It was Christmastime when Prime Minister Winston Churchill arrived in Washington on December 22, 1941—two weeks after the attack on Pearl Harbor and eleven days after Hitler audaciously declared war on the United States.
For eighteen months Churchill had wooed Roosevelt, cajoling, charming, and even begging him to bring the United States into the war against Germany. Now Churchill’s prayers were answered: the United States would certainly enter the war. On learning of the attack, Churchill later wrote, “Being saturated and satiated with emotion and sensation, I went to bed and slept the sleep of the thankful and the saved.”
Churchill had come to Washington to make sure that earlier agreements of an Anglo-American alliance against Germany (should America enter the war) remained firm in the face of the Pearl Harbor attack. Understandably, the American people had an overwhelming desire to strike back at the Japanese. Churchill needed to turn them from thoughts of revenge to Britain’s view of the realities of the Axis threat. His task was made more difficult by Japan’s stunning victories in the weeks following Pearl Harbor. In the Philippines American troops were trapped on the southern tip of the Bataan Peninsula and the Rock of Corregidor. Within a matter of days, Guam, Wake, and Hong Kong had fallen. American territories were being invaded and American lives lost. Americans wanted to throw everything they had against the Japanese.
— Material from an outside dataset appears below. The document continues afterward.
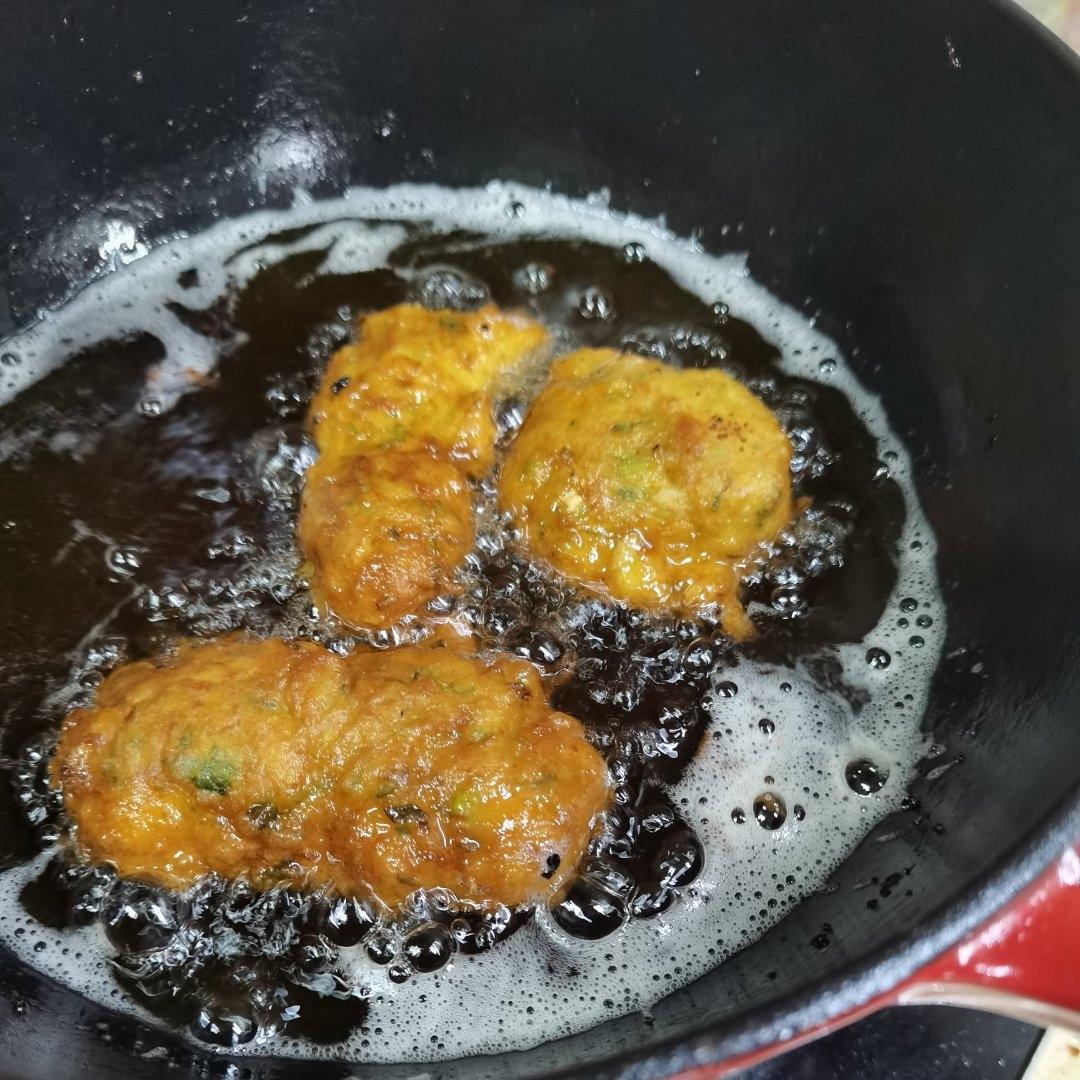 😋小屁孩们停不下来的炸葱油饼👀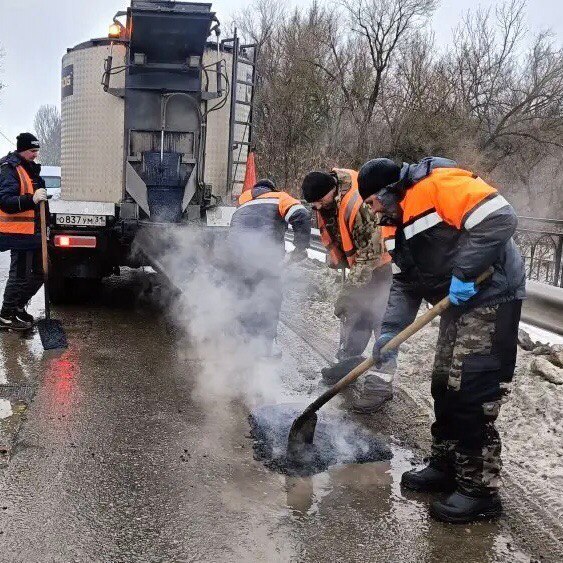 В Валуйках продолжается аварийный ямочный ремонт автомобильных дорог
Yet there was Britain’s precarious position to consider: if the Soviets fell, Hitler would throw his full strength into the temporarily delayed invasion of the United Kingdom. If Britain fell, what would be next for the United States? Germany was the more powerful of the foes. In an Anglo-American alliance, Churchill’s longstanding policy was the defeat of “Germany First.” He needed to make sure that the great power of the American war machine was leveled first against Hitler and second against the Japanese. Fortunately, Roosevelt agreed with him. But his position was not without dissent from some military advisors—and critics in the press and public.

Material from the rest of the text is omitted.